“We bless you in the name of the Lord!” (Psalm 128/129:8). You know what is sorely missing in this world? Blessings. Not God’s blessings bestowed upon us, for they are innumerable. At the root of many of the woes of the human condition is our failure to bless.
We are often told in Holy Scripture to bless those who curse us, to return a blessing when reviled, to overcome evil with good. But somehow we seem not to think of those passages in the heat of the battle, at the moment of our being insulted or cursed or offended in some way. Not thinking of it doesn’t let us off the hook, however. We have to train ourselves to respond with blessings—and not to wait until we must give a blessing only in response to something else, but to freely and spontaneously bless people and all creation, to have an attitude of readiness to bless.
Here are a few practical examples. Whenever you hear someone take the name of the Lord in vain, just quietly say: “Blessed be the name of the Lord!” There, you have effectively made reparation by honoring God, having “canceled out” the dishonor someone else has just showed Him. When someone is rude or unkind to you, steps ahead of you in line, cuts you off in traffic (lots of curses to overcome here!), or in any way offends you, bless them in the name of the Lord. When someone sneezes, really mean it when you say: God bless you! With your spouse or with friends who may have some irritating fault, rather than (first) praying that God change them, ask that He bless them and give them joy and peace. When driving by or flying over some place or city that is known for its sin, call down upon that place the blessing of the Lord. Demons cannot stand God’s blessing, so they will have to leave.
In general, just be a blessing for others and for the creation. It is true that priests can bless in certain ways that others cannot, because of the grace given and ministry entrusted to them—and priests therefore have a great responsibility to bring God’s blessing upon the world. (I once read an account of a mystic—I leave this to your discernment—who said she saw a certain priest in purgatory whose right hand was shriveled, discolored, and very painful, because he did not use it to bless as he should have.) In the Byzantine tradition, when a priest blesses, he forms his hand into the letters which make up the abbreviation of the name of Jesus Christ (IC XC, which inscription is found on all icons of Christ). So when a priest blesses, he blesses with the sign of the Cross and in the name of our Lord Jesus Christ—without having to say a word!

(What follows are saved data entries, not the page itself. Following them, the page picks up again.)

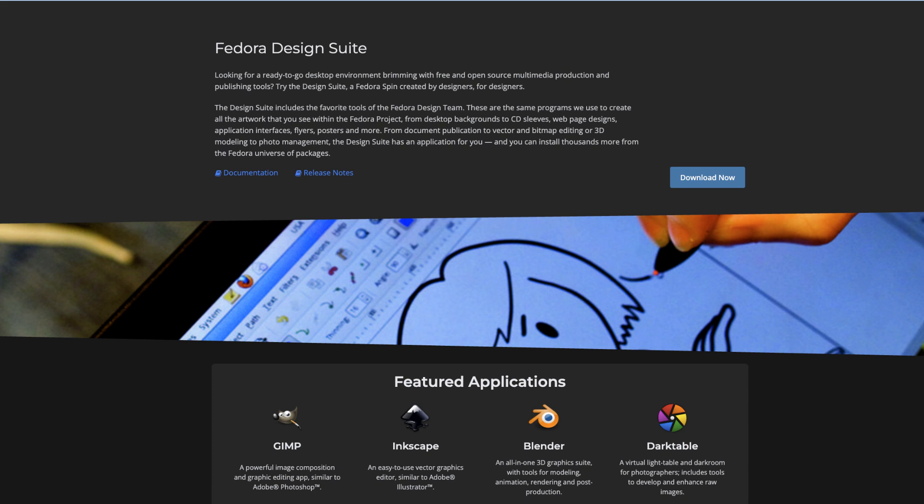Next up is Fedora Design Suite. Aimed at graphic designers, this distro includes industry-standard software right out of the box, like GIMP, Inkscape, and Scribus.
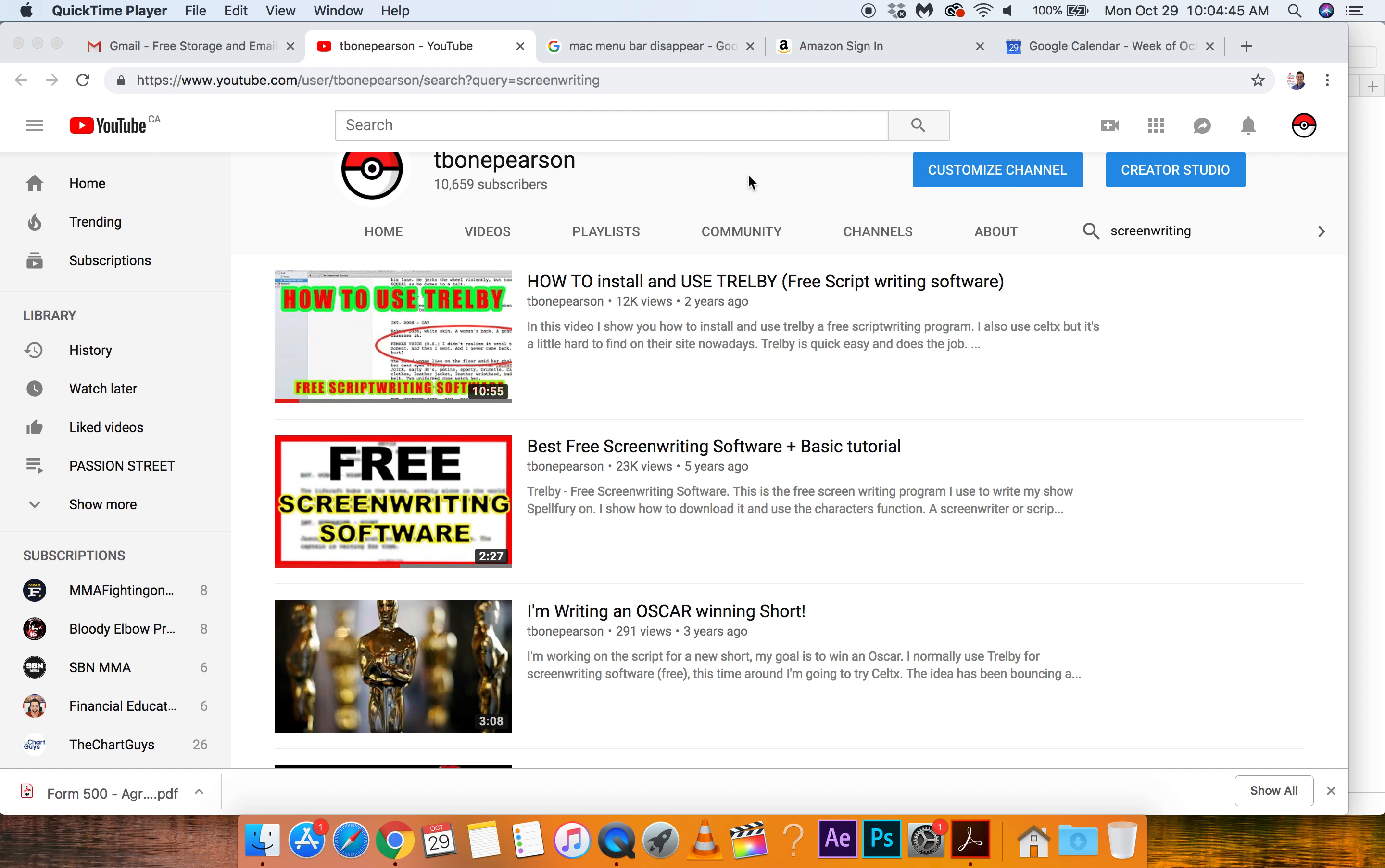Hi guys, it is T-Bone Pearson here, and I'm going to look into script writing software. So five years ago, I did the best free screenwriting software basic tutorial, and it got around 23,000 views.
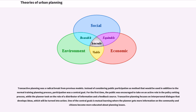Transactive planning was a radical break from previous models. Instead of considering public participation as a method used in addition to the normal planning process, participation was a central goal. For the first time, the public was encouraged to take on an active role in the policy-setting process, while the planner took on the role of a distributor of information and a feedback source. Transactive planning focuses on interpersonal dialogue that develops ideas which will be turned into action. One of the central goals is mutual learning where the planner gets more information on the community and citizens become more educated about planning issues.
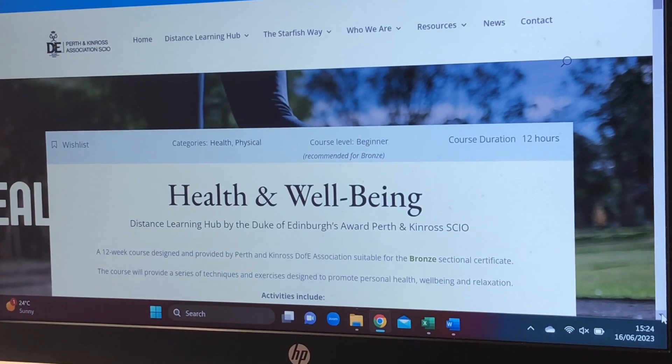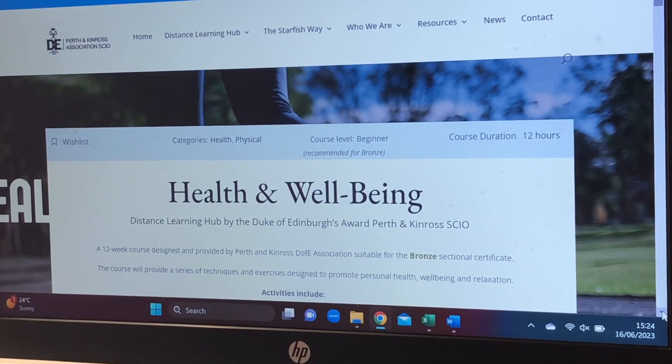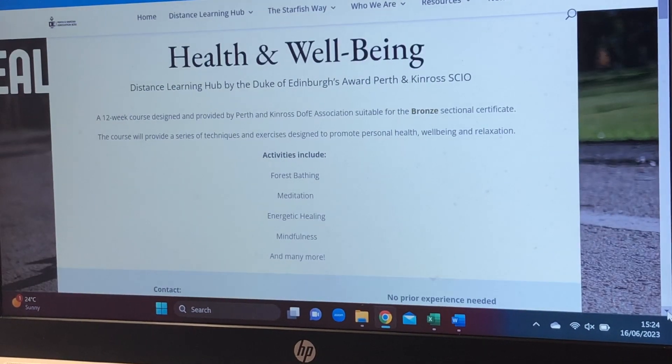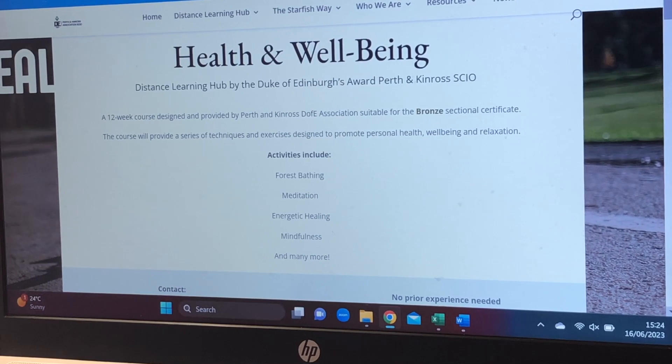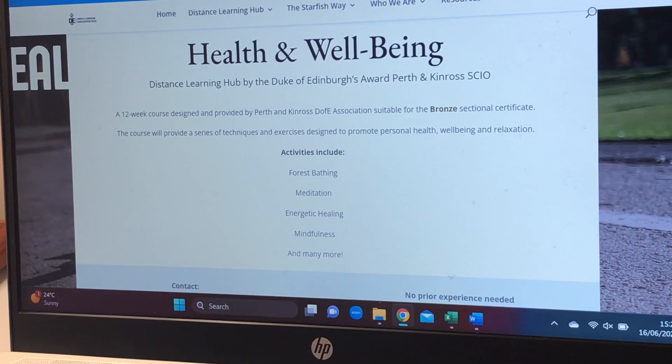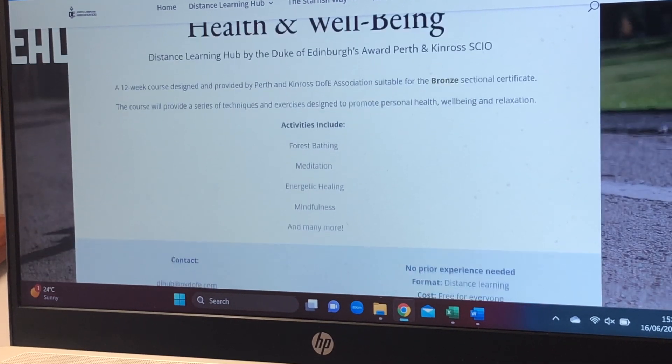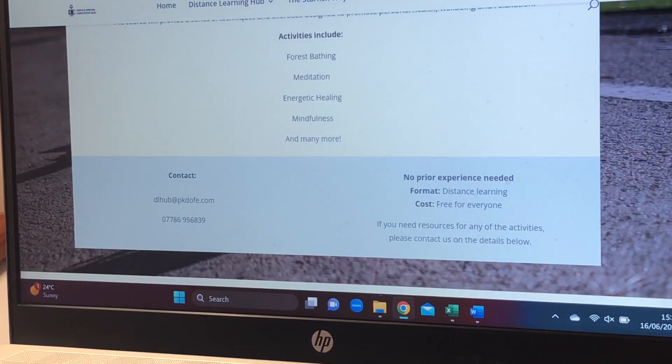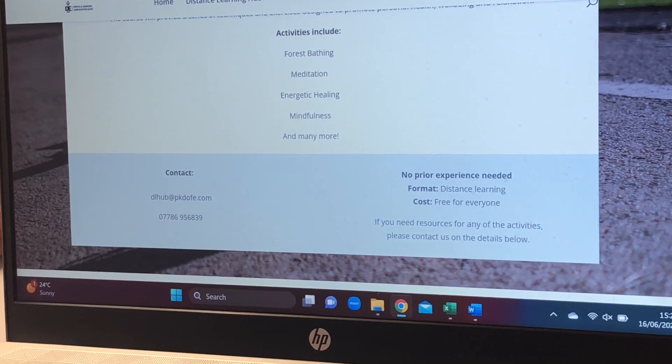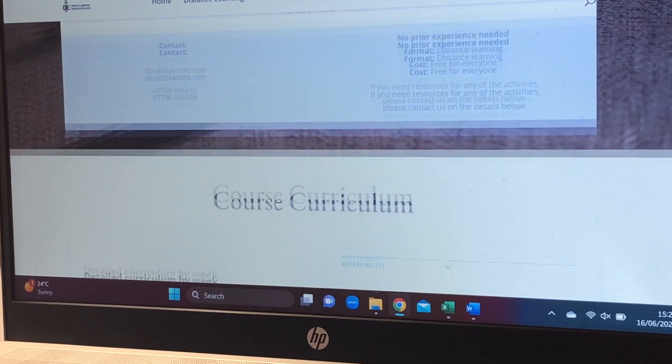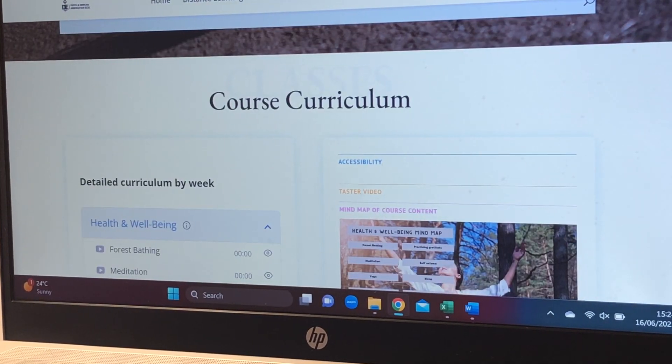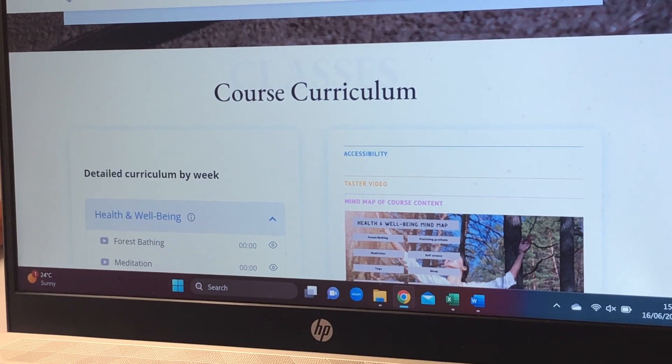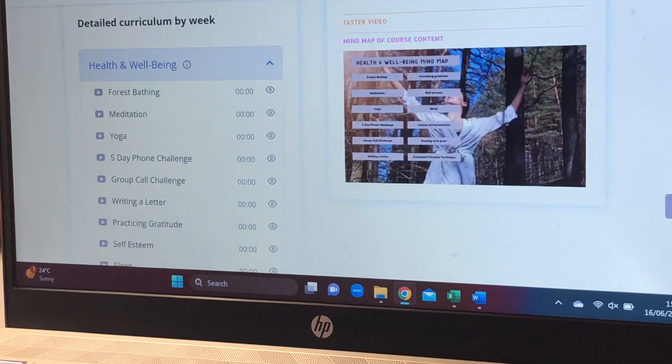Hello everyone and welcome to another Taster Friday video where today I'm going to be taking you through the health and well-being module which is featured within the distance learning hub and whether this would be of interest to you to take part in whilst we enjoy the warmer weather this summer.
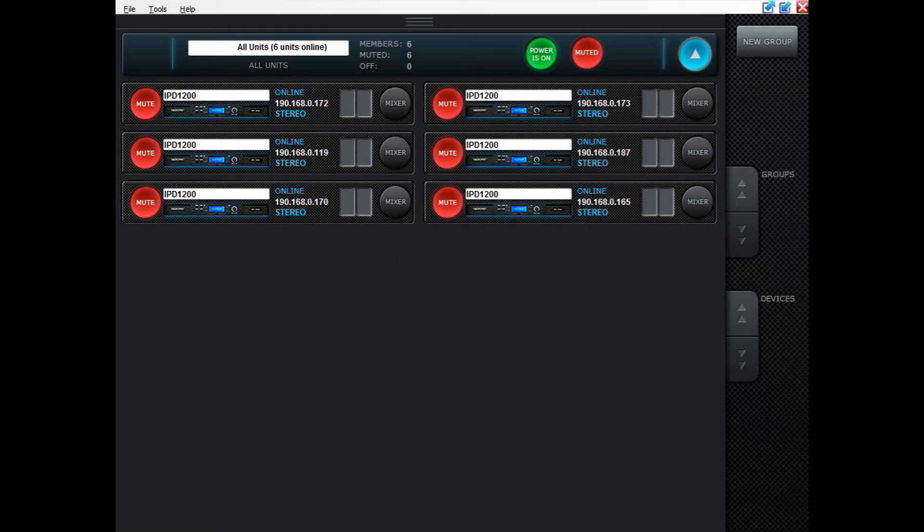Hello and welcome to this video where we are going to go through how to check the firmware version of your IPD as well as going through the different options and how to update the firmware.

But all the baptized can in their own way bless in the name of the Lord. Parents should bless their children; “saying grace” is invoking God’s blessing on our food, as well as giving thanks for it. To bless another is literally to “speak well” (bene dicere, whence comes “benediction”) of another, especially to speak well of them to God. (In Greek a blessing is a eu logia, same meaning, whence comes “eulogy,” speaking well of, or blessing, the deceased.)
Let us decide to bless the world, every day, in the various ways we find opportunity. If the 1.5 billion or so Christians in the world would simply invoke the blessing of the Lord daily, we would see things change significantly and soon. Be a blessing for others as you “speak well” of them and draw them into the Lord’s blessing by your prayer. The blessed life begins here and now.